* PROBLEM TO WORK ON:
Every line of the data below should be repeated exactly, and no picture should be copied.

* EXERCISE DATA:
───

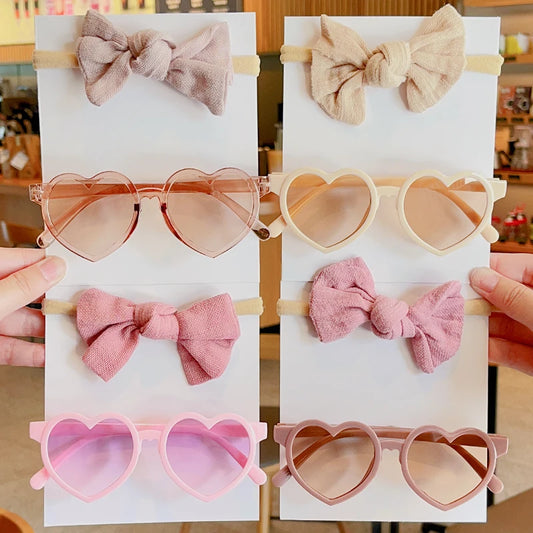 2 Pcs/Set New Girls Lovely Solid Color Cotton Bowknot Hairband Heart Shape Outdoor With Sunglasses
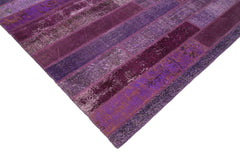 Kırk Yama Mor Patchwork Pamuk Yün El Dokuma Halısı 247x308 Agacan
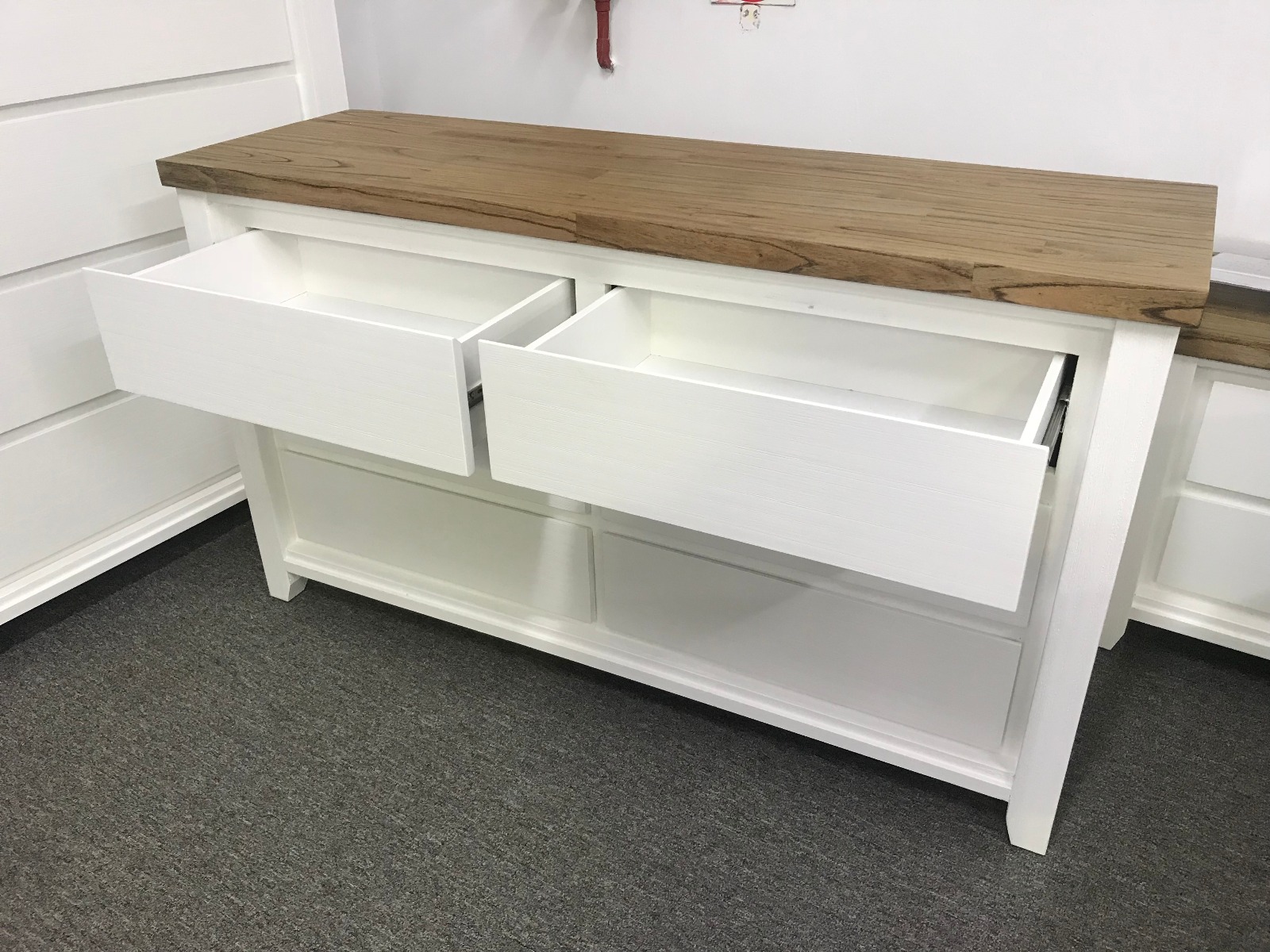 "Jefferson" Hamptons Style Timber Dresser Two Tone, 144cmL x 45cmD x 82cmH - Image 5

───

* RESULT OF THIS TASK:
 2 Pcs/Set New Girls Lovely Solid Color Cotton Bowknot Hairband Heart Shape Outdoor With Sunglasses
 Kırk Yama Mor Patchwork Pamuk Yün El Dokuma Halısı 247x308 Agacan
 "Jefferson" Hamptons Style Timber Dresser Two Tone, 144cmL x 45cmD x 82cmH - Image 5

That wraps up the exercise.